What is the amount (in moles) of copper (II) sulfate pentahydrate that you will need to make 100mL of a 0.500 mol/L solution, with all the calculations?

1 Answer
May 14, 2018

Dissolve 0.05 moles/12.48 g of the pentahydrate salt in the minimum amount of water, then make the solution up to a total volume of 100 mL.

Explanation:

You need to take the waters of hydration into account but you still need this many moles of #CuSO_4#:

#n=C*V=0.500*0.1=0.05" mol"#

In terms of number of moles of #CuSO_4#, the above expression is equivalent to this:

#n(CuSO_4*5H_2O)=C*V=0.500*0.1=0.05" mol"#

Now, you will need the molar mass of the hydrate salt:

#MM(CuSO_4*5H_2O)=(63.5+32+4*16)+(5*18)=249.5" g/mol"#

And so the mass you need to weigh out is:

#m(CuSO_4*5H_2O)=n*MM=0.05*249.5=12.48" g"#

This gives you the required number of moles of #CuSO_4#, so we're all good, but it also gives you some waters that will need to be accounted for.

So...

You need to dissolve this amount of solid in the minimum amount of water (less than than the final volume) first. Then make the total volume up to 100 mL. The waters of hydration have contributed (4.5 g) to the volume of the final solution, meaning that you didn't have to add the full 100 mL. Approximating the density of water to 1 g/mL, you should only have added #100-4.5=95.5" g"=95" mL"# of additional water to get to the required 100 mL.

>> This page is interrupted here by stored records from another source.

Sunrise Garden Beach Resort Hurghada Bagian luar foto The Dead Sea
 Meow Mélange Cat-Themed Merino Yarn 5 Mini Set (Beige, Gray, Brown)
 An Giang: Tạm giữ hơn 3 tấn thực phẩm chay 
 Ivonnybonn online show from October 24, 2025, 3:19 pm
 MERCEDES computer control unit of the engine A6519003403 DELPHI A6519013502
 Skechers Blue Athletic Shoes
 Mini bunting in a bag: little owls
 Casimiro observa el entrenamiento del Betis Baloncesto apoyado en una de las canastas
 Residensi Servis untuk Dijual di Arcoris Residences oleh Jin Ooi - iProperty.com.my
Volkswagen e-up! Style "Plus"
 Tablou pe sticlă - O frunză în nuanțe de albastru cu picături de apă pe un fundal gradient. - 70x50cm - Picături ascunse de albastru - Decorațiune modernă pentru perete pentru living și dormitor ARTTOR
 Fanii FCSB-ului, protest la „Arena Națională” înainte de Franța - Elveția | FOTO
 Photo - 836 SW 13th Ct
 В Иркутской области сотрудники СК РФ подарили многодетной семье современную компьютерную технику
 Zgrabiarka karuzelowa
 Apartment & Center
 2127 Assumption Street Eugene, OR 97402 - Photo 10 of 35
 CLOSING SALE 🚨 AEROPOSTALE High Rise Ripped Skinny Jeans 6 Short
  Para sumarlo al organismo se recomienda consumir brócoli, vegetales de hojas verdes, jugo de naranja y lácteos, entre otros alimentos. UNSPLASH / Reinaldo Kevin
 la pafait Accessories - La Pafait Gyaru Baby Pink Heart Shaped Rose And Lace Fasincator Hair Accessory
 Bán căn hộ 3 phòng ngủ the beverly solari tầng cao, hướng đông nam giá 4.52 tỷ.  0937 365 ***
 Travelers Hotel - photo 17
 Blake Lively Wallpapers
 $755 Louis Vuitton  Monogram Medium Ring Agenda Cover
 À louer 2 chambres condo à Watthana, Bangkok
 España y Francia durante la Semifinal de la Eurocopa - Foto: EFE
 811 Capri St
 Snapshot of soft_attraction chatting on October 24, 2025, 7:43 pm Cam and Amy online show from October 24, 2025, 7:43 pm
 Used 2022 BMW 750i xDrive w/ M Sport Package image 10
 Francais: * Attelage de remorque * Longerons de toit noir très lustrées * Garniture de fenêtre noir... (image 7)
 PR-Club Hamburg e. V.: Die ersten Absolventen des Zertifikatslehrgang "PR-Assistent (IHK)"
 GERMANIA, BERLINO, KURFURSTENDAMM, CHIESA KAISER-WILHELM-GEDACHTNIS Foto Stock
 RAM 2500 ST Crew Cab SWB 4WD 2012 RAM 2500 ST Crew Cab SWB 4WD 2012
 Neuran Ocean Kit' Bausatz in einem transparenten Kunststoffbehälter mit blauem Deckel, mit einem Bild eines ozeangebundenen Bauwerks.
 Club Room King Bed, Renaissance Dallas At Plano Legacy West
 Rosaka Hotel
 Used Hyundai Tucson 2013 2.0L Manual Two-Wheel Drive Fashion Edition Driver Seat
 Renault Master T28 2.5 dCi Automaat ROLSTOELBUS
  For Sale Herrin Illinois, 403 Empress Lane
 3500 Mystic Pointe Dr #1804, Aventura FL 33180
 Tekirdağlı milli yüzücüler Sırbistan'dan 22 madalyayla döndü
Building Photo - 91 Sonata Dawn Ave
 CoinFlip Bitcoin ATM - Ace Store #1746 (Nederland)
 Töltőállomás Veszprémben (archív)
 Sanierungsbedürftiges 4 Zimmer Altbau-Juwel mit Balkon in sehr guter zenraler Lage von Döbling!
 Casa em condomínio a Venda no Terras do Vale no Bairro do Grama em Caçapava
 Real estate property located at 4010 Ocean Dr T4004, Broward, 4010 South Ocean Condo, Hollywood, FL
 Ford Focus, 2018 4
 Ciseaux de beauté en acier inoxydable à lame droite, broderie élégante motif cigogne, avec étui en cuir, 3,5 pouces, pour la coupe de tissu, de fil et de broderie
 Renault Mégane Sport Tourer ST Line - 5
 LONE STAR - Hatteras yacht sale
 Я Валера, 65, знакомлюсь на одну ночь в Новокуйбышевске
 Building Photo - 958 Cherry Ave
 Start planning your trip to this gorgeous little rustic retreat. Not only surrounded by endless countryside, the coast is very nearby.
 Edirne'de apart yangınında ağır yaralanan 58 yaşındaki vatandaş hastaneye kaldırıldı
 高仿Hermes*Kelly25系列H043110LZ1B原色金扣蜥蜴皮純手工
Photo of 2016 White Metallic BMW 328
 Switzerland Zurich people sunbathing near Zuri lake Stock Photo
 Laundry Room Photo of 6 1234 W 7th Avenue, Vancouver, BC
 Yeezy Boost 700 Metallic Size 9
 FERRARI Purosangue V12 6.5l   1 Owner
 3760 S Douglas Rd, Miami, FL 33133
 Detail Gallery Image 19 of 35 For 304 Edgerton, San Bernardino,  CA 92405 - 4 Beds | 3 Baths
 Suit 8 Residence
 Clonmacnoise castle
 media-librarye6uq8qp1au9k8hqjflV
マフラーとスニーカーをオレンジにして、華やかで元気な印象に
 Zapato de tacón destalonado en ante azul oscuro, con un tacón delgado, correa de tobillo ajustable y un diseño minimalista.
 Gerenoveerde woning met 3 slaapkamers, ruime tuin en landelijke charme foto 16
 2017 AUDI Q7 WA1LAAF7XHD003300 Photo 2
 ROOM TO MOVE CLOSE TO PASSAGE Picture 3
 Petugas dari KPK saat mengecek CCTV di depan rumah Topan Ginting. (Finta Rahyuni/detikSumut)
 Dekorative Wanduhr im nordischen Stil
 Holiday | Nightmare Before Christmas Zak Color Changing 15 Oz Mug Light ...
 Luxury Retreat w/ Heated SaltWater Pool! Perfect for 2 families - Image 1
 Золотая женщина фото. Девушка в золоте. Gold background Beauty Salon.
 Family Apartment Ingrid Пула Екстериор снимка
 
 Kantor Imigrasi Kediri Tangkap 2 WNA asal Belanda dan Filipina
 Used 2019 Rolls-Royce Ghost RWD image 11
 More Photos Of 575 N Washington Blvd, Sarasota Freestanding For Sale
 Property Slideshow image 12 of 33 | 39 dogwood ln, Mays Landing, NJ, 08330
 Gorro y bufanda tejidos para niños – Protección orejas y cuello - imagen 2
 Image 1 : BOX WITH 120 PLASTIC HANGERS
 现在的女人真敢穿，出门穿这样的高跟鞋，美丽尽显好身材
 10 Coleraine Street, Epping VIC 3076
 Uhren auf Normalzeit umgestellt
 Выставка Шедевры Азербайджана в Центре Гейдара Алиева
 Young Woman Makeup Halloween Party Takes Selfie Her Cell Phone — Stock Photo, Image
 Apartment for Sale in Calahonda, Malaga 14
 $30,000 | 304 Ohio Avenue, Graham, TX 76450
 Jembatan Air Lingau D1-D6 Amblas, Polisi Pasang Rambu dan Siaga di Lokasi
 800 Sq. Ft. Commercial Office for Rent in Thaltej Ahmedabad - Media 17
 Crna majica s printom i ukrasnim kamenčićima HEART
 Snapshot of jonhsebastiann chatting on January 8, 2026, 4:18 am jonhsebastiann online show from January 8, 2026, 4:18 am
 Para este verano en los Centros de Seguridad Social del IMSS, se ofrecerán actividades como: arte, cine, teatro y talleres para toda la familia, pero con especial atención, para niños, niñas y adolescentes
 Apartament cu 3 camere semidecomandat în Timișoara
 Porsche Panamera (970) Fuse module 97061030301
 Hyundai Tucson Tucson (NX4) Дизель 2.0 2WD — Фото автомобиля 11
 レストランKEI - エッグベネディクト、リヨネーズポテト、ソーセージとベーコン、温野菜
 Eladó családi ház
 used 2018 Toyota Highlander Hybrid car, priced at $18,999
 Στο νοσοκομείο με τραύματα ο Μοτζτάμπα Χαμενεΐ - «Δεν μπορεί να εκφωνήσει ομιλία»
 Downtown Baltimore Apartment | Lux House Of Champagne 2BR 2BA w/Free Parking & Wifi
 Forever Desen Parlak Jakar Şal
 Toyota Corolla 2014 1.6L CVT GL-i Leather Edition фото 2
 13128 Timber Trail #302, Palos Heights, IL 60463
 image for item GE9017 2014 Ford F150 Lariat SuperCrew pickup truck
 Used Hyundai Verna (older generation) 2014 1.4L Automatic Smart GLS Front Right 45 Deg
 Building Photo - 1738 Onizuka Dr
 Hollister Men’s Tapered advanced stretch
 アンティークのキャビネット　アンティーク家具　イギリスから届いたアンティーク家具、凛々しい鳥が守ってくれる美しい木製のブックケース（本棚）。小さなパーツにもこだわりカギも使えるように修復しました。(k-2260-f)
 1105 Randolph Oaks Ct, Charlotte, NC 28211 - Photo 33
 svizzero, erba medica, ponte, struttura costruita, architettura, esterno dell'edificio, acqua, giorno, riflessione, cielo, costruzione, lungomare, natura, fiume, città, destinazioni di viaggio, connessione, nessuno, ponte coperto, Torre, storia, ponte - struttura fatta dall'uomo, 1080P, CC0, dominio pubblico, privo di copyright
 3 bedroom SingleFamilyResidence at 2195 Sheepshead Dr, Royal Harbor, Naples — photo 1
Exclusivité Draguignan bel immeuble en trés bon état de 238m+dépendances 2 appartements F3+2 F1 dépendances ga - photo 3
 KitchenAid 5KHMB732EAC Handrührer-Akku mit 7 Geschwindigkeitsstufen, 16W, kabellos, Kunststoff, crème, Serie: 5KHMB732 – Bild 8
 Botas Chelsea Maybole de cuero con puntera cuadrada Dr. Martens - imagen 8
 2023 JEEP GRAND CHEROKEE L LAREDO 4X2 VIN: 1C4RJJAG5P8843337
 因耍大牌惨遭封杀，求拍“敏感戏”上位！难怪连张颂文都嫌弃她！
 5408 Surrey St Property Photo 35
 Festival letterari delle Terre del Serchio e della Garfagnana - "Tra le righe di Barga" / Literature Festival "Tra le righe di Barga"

To see how I got 4.5 g of water from the hydrate, see below.

If you break the chemical formula down you get one mole of #CuSO_4# for every 5 moles of #H_2O#. So another way of thinking about it is that you have this many moles of each component:

#n(CuSO_4)=0.05" mol"#

#n(H_2O)=5*0.05=0.25" mol"#

And multiplying by the molar masses of each component you get:

#m(CuSO_4)=0.05*159.5=7.98" g"#

#m(H_2O)=0.25*18=4.5" g"#

#"total mass"=7.98+4.5=12.48" g"#

This is the same mass that we weighed out before, as it should be.